# Cable modem...squeezing more performance out of it...



## evol200 (Nov 24, 2008)

you might also unplug your modem when your not using it. I had a Best Data Modem, after each night or when not in use, unplugging it would also prolong life. I got 2yrs. 2 months of life out of it, people were surprised because from what they told me Best Data would only last only after 1 year.


----------



## rgsgww (Jul 5, 2008)

evol200 said:


> you might also unplug your modem when your not using it. I had a Best Data Modem, after each night or when not in use, unplugging it would also prolong life. I got 2yrs. 2 months of life out of it, people were surprised because from what they told me Best Data would only last only after 1 year.

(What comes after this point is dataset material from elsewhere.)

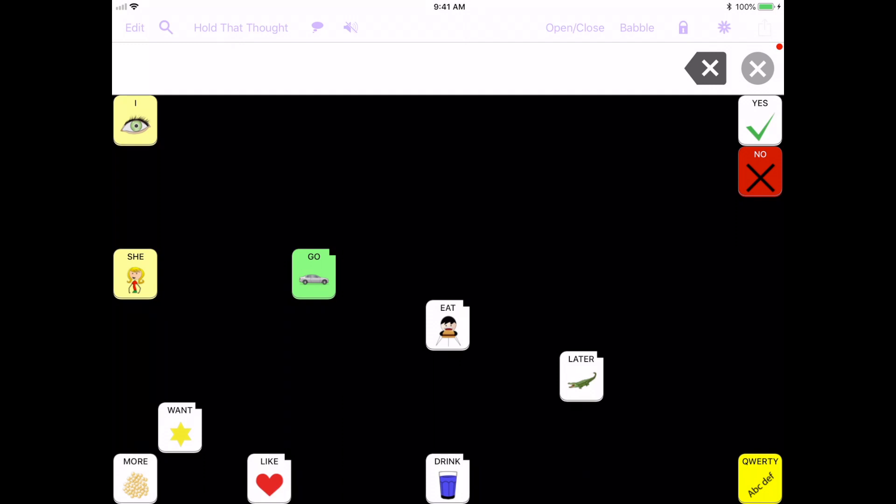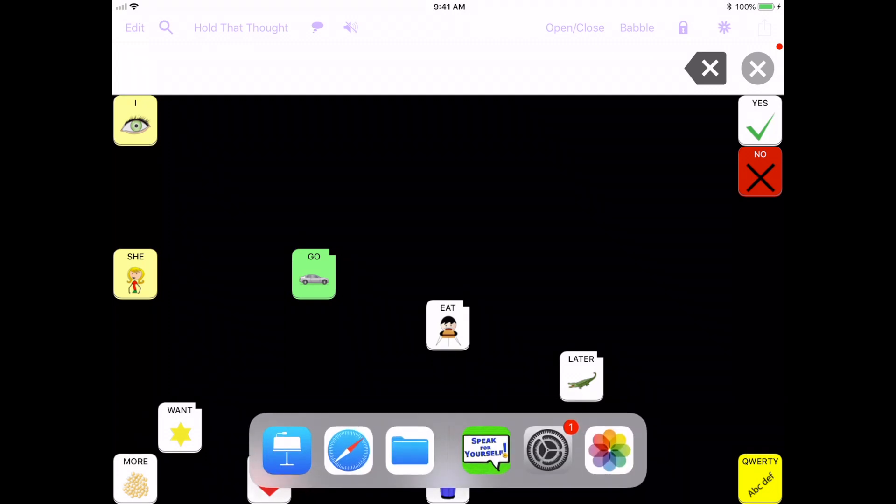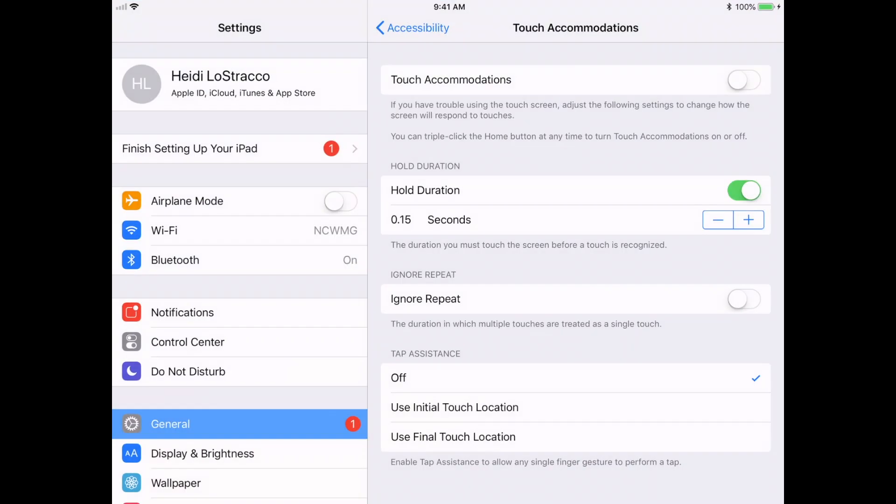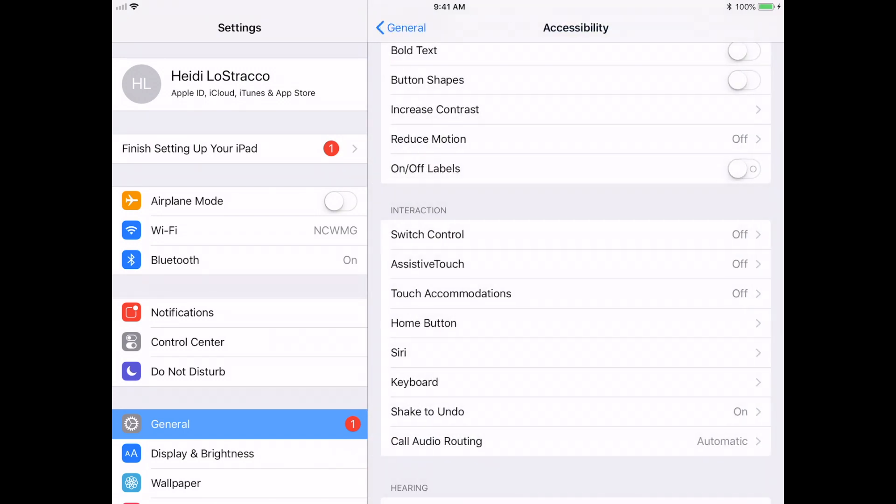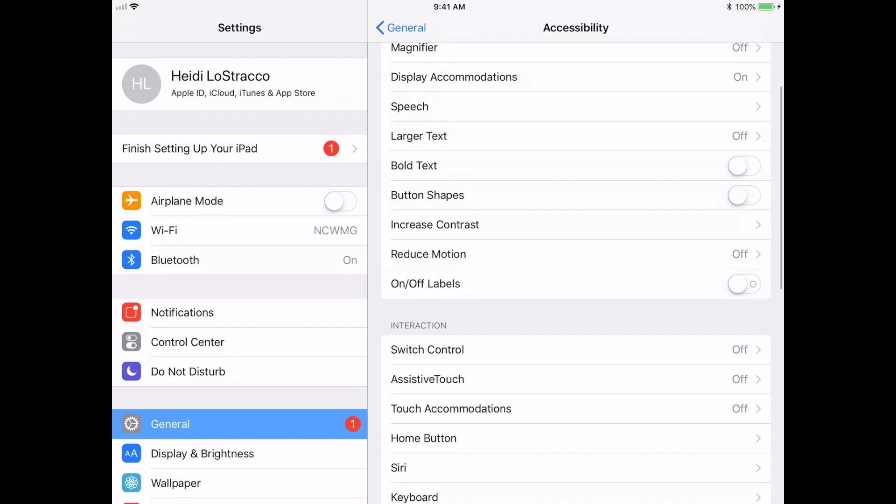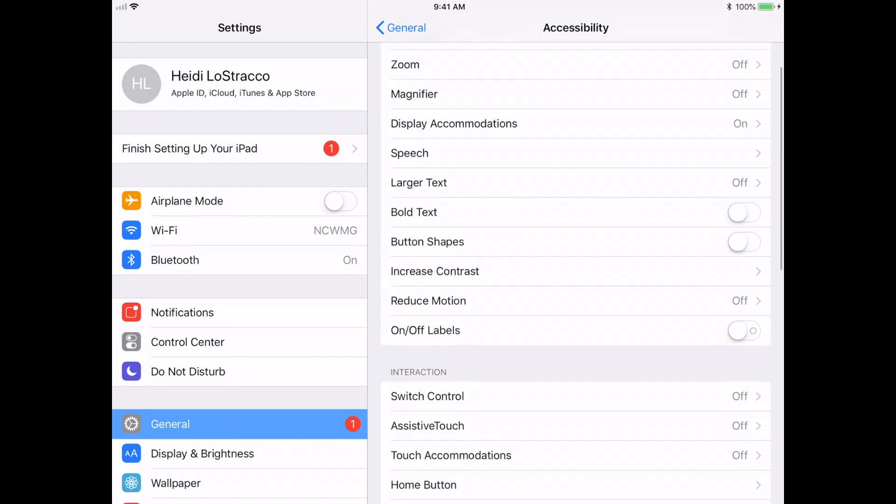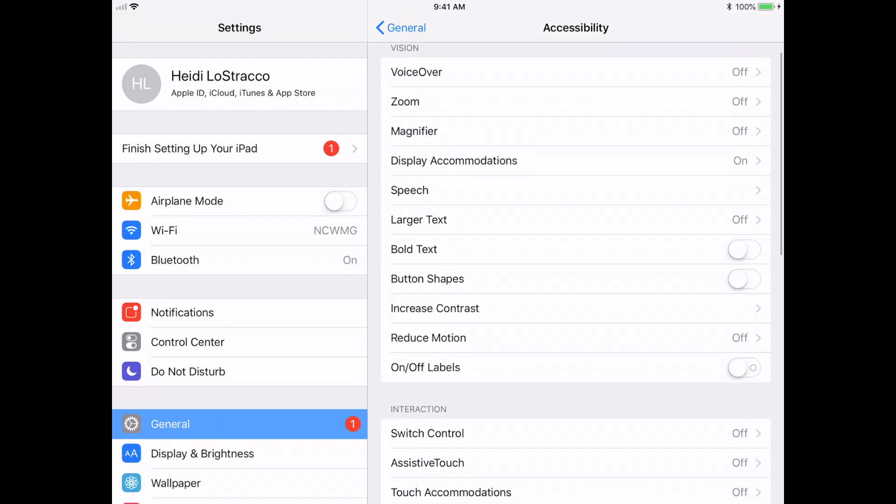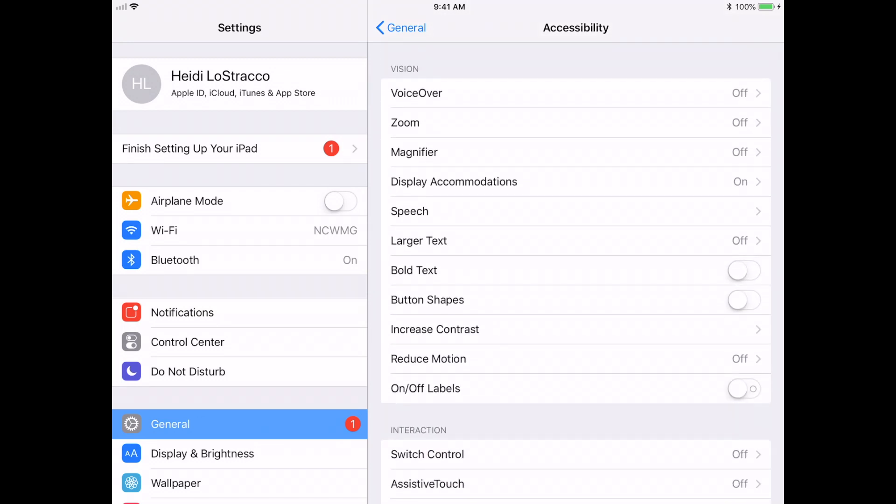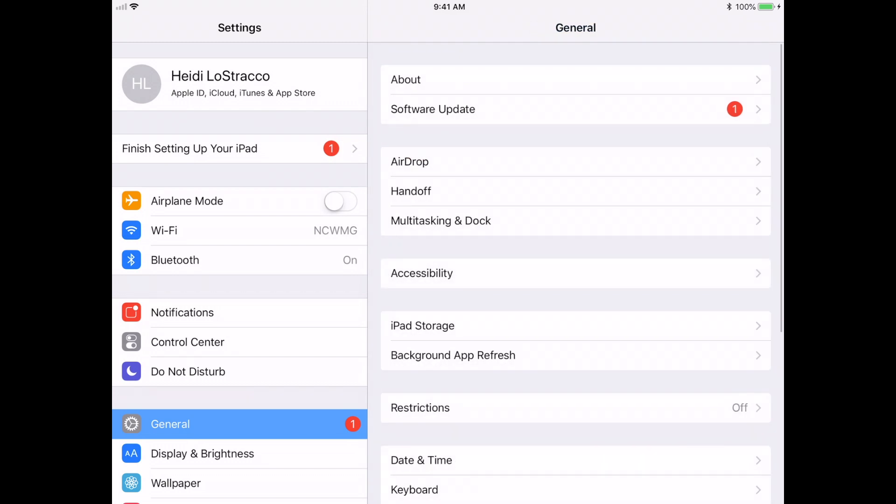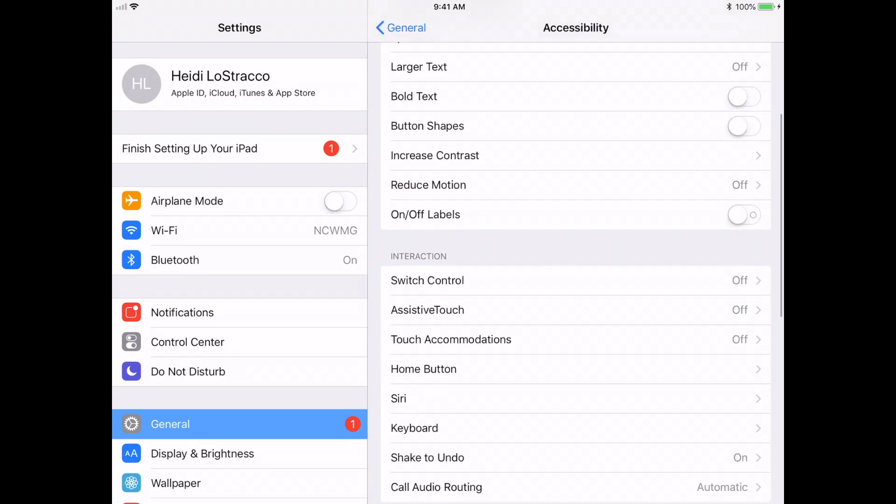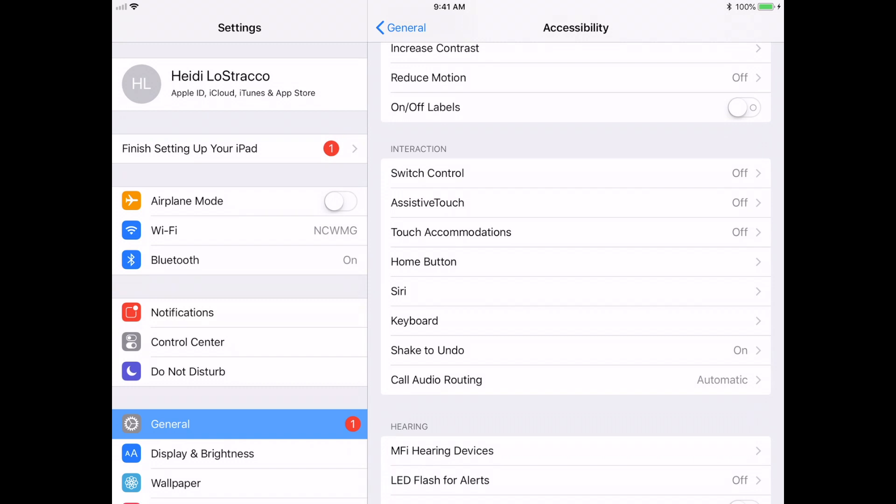You would go into the settings of the iPad. So I'm just going to swipe up here so I can get into settings. And then to get to the touch accommodations, I'm just going to back up a little bit so you can see along the left hand side you would go into general. And then if you scroll down here, go into accessibility, so you go from general then to accessibility. And then if you scroll down here you see all of your different accessibility features that are built into the iPad.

I do that, I always unplug all of my equipment when I go on vacations. Its a good idea...in summer, we get a lot of power outages and overvoltages.

Those modems get very hot! 

I also read on a forum where the guy replaced all of the capacitors in the modem for higher quality ones, he found that his ping lowered and he lost less packets.


----------



## evol200 (Nov 24, 2008)

interesting, I'll have to look that up sometime. For modems in general to have a life expectancy of a few years does raise a few questions. This is a really good post you made.


----------



## rgsgww (Jul 5, 2008)

evol200 said:


> interesting, I'll have to look that up sometime. For modems in general to have a life expectancy of a few years does raise a few questions. This is a really good post you made.



I found the thread about the caps.

http://capsmod.net/forum/viewthread.php?tid=479&extra=page=1

Modems can last a long time, but once the docsis specification changes for your isp...you need a new modem. Thanks


----------